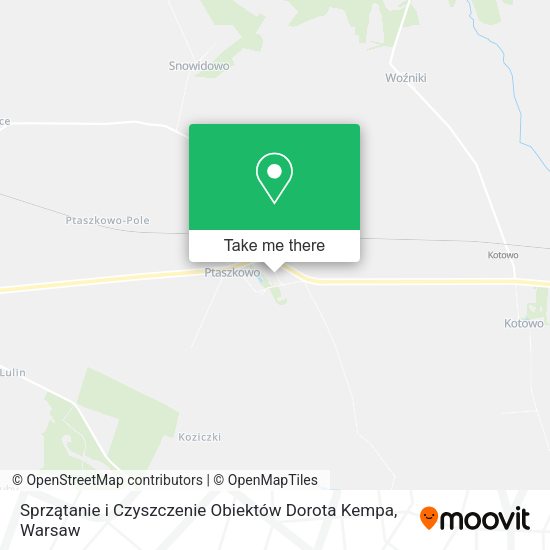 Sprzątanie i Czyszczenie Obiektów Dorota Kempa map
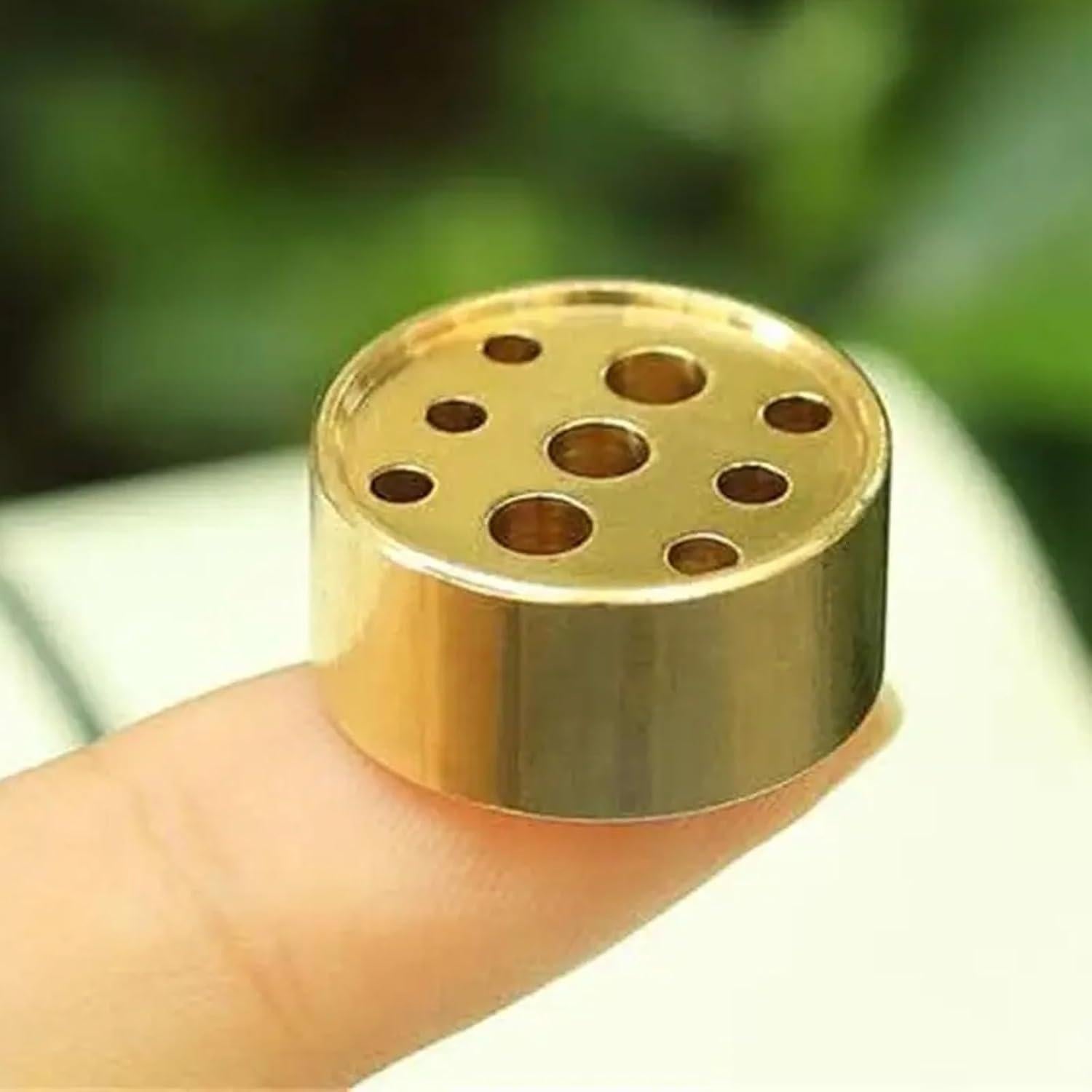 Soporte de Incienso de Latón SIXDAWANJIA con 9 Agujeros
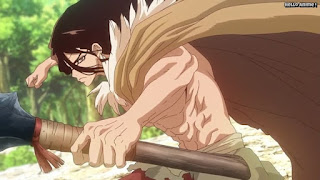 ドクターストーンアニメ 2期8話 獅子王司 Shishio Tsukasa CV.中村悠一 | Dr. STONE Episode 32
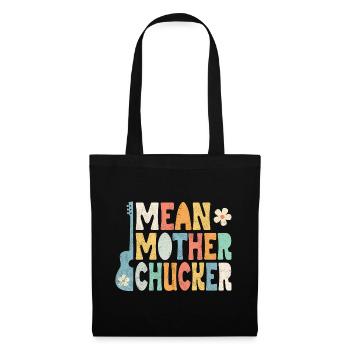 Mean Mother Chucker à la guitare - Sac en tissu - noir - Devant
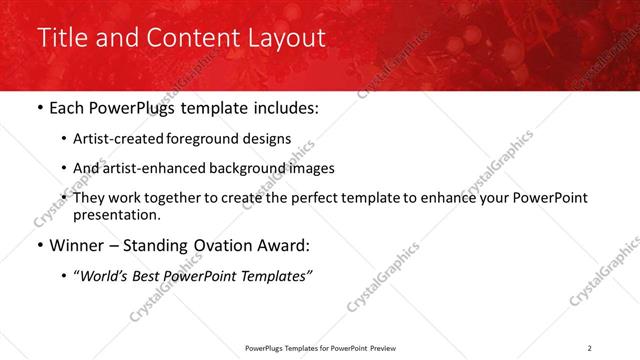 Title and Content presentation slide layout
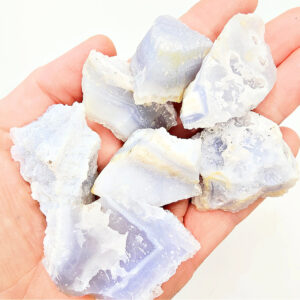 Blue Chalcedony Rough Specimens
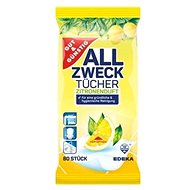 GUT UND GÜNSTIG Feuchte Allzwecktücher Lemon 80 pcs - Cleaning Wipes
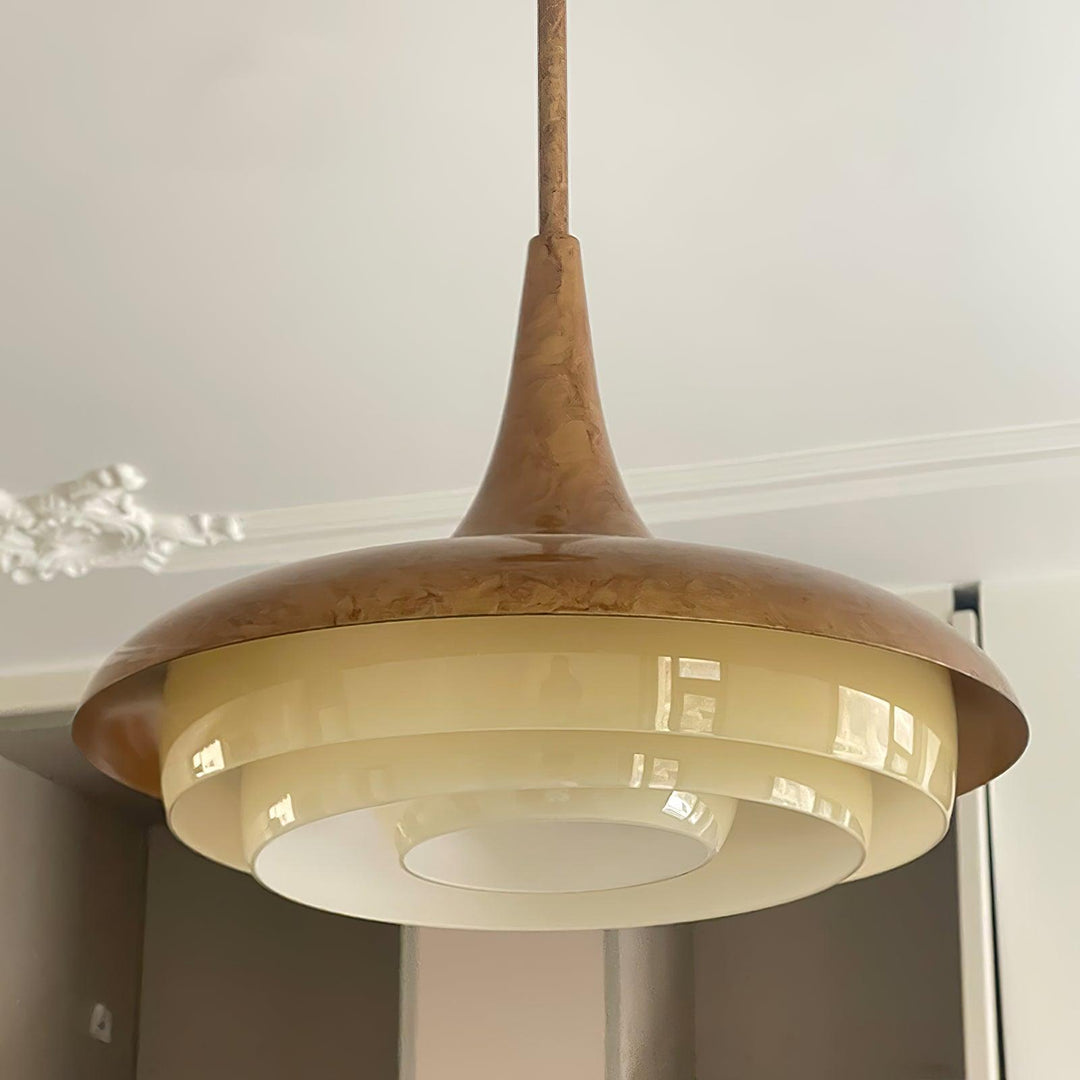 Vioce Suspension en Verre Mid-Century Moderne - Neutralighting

***

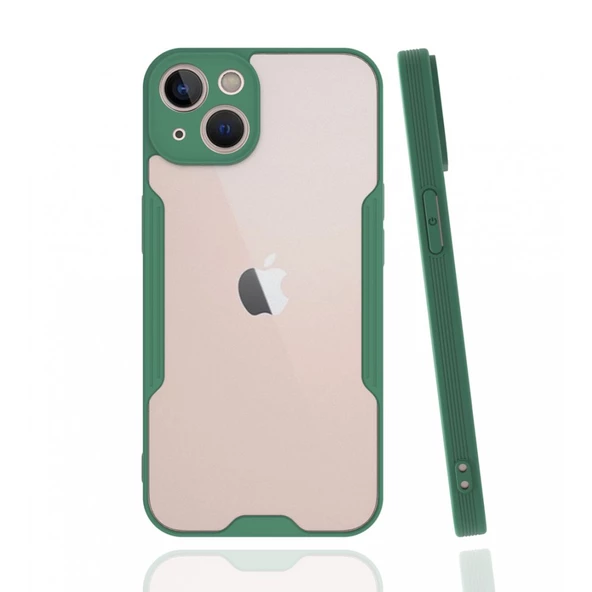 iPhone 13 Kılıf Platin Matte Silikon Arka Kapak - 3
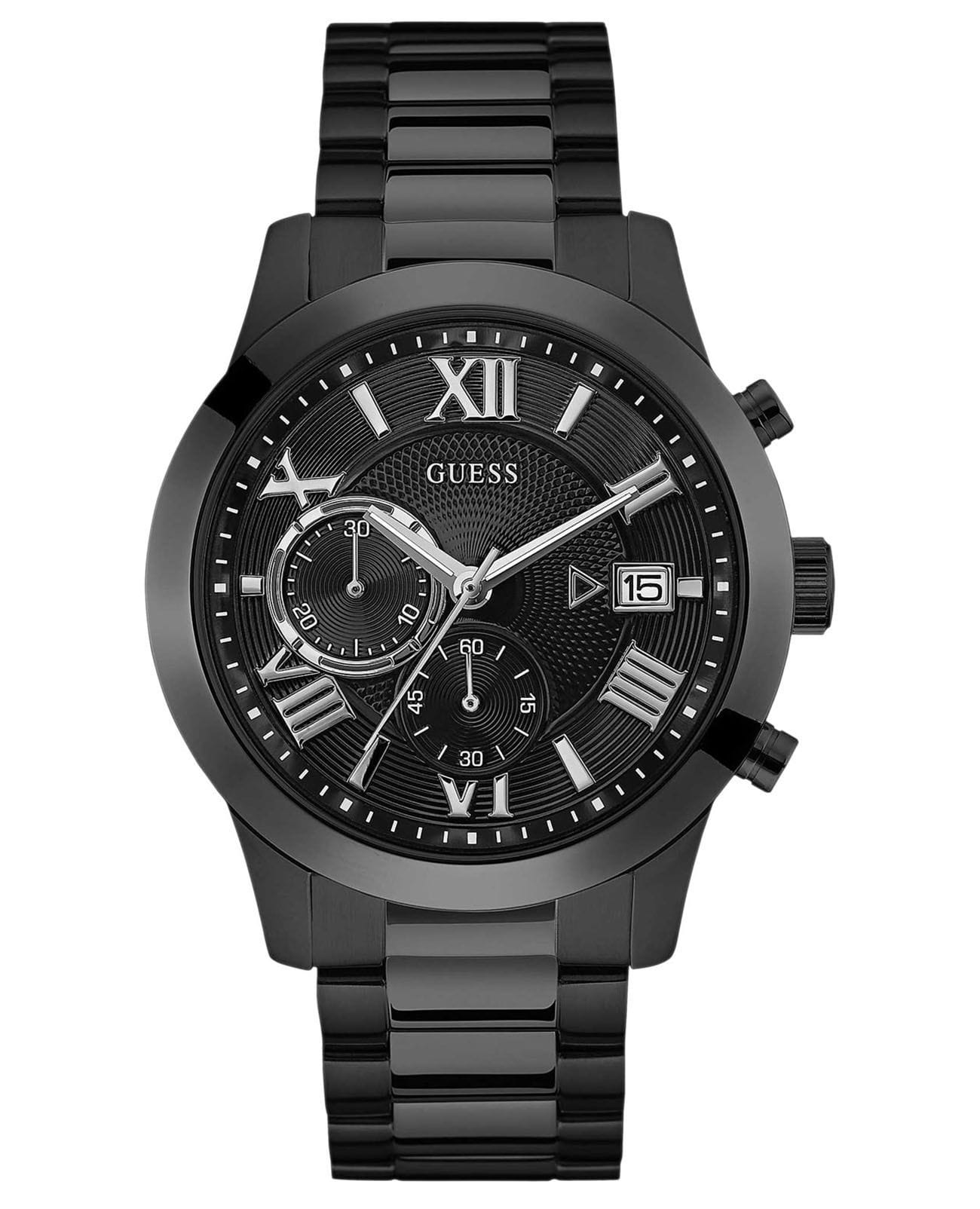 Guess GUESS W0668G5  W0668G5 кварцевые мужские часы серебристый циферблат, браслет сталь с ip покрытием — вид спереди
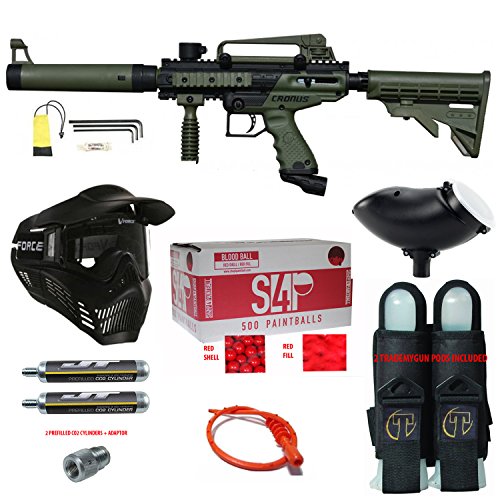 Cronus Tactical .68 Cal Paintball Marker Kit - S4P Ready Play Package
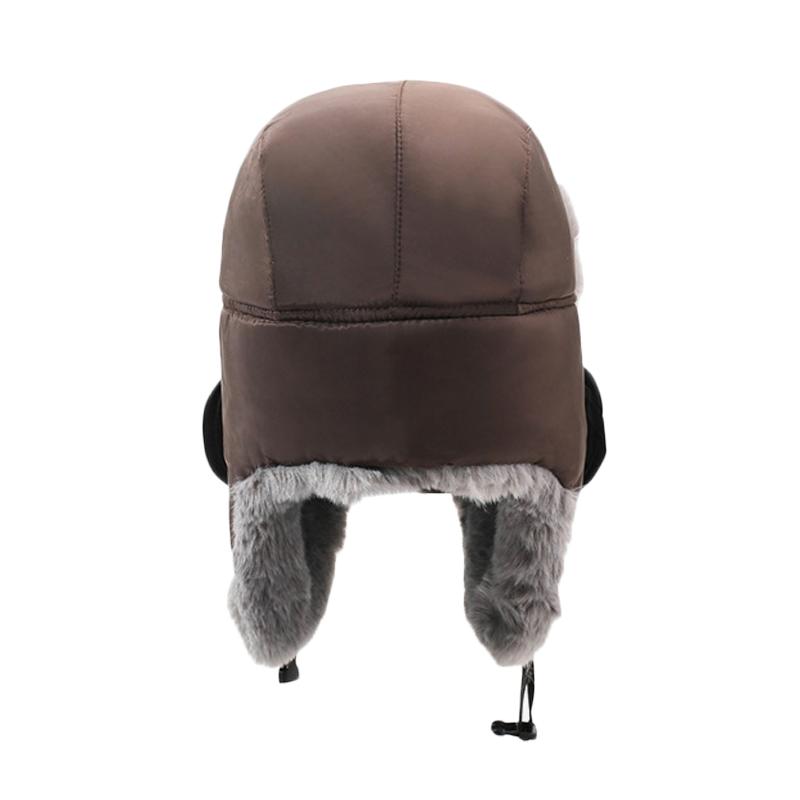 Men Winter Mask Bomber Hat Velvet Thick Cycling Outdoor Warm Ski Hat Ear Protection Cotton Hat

***

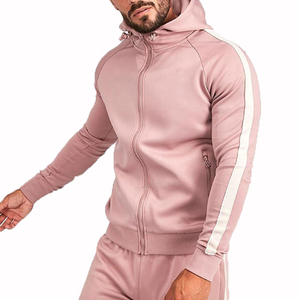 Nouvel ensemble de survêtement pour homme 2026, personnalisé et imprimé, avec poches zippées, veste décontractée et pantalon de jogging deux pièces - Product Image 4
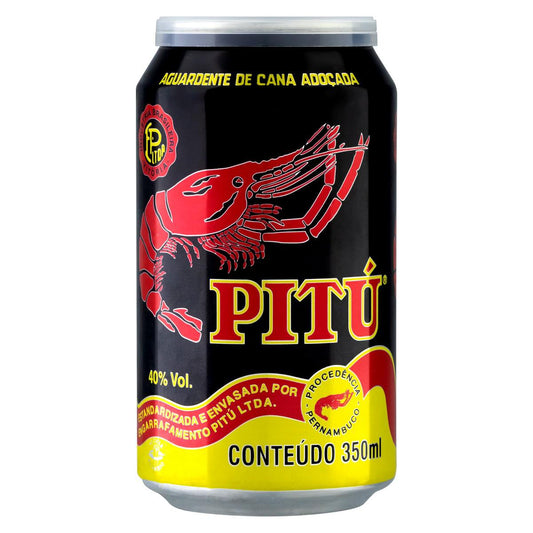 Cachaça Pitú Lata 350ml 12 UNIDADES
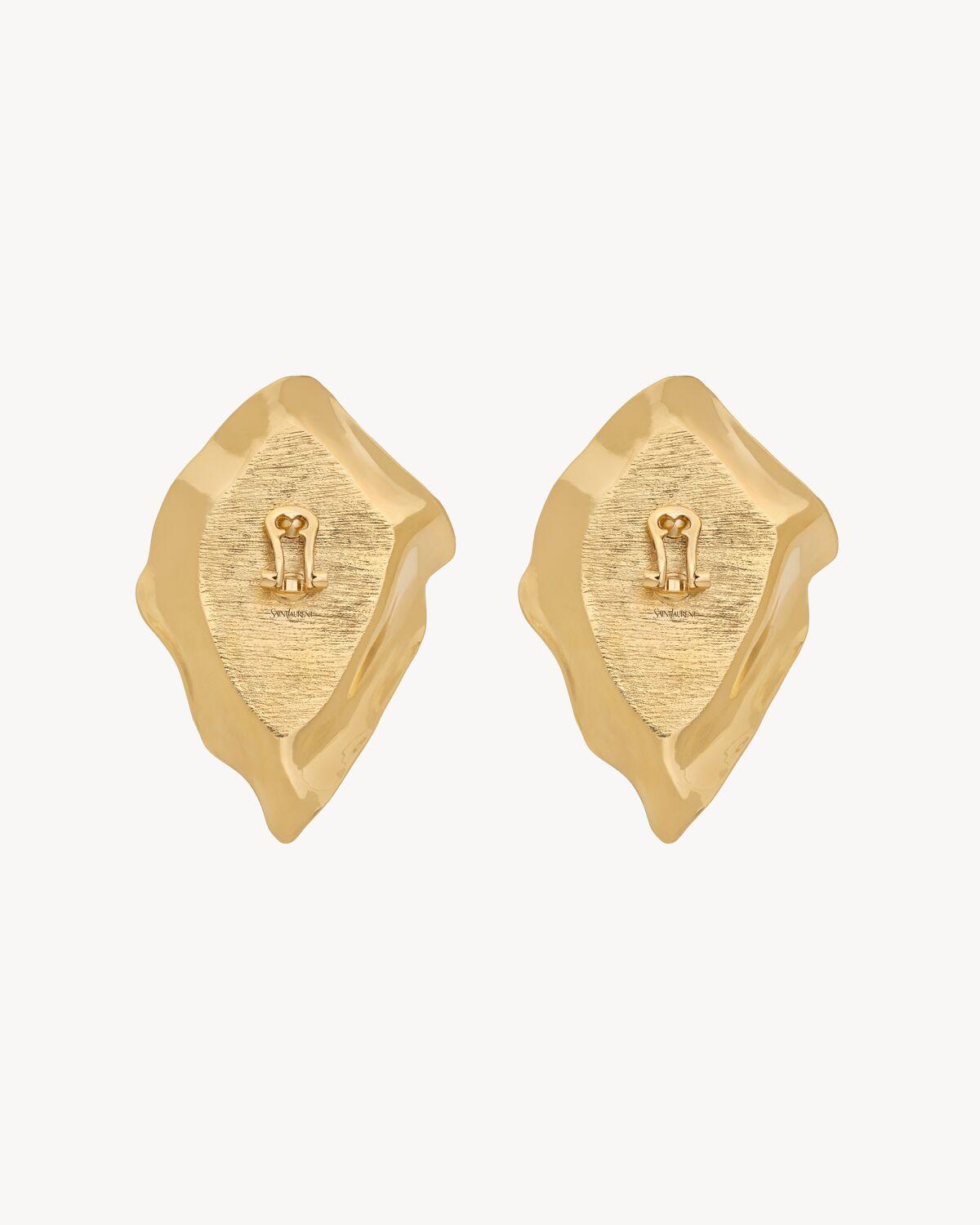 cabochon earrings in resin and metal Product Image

***

• How to complete this task:
The answer must be the part of the records that opens with the line containing "Sprzątanie i Czyszczenie" and closes with the line containing "Vioce Suspension en", reproduced exactly, with no pictures.

• Result:
 Sprzątanie i Czyszczenie Obiektów Dorota Kempa map
 Soporte de Incienso de Latón SIXDAWANJIA con 9 Agujeros
 ドクターストーンアニメ 2期8話 獅子王司 Shishio Tsukasa CV.中村悠一 | Dr. STONE Episode 32
 Mean Mother Chucker à la guitare - Sac en tissu - noir - Devant
 Title and Content presentation slide layout
 Blue Chalcedony Rough Specimens
 GUT UND GÜNSTIG Feuchte Allzwecktücher Lemon 80 pcs - Cleaning Wipes
 Vioce Suspension en Verre Mid-Century Moderne - Neutralighting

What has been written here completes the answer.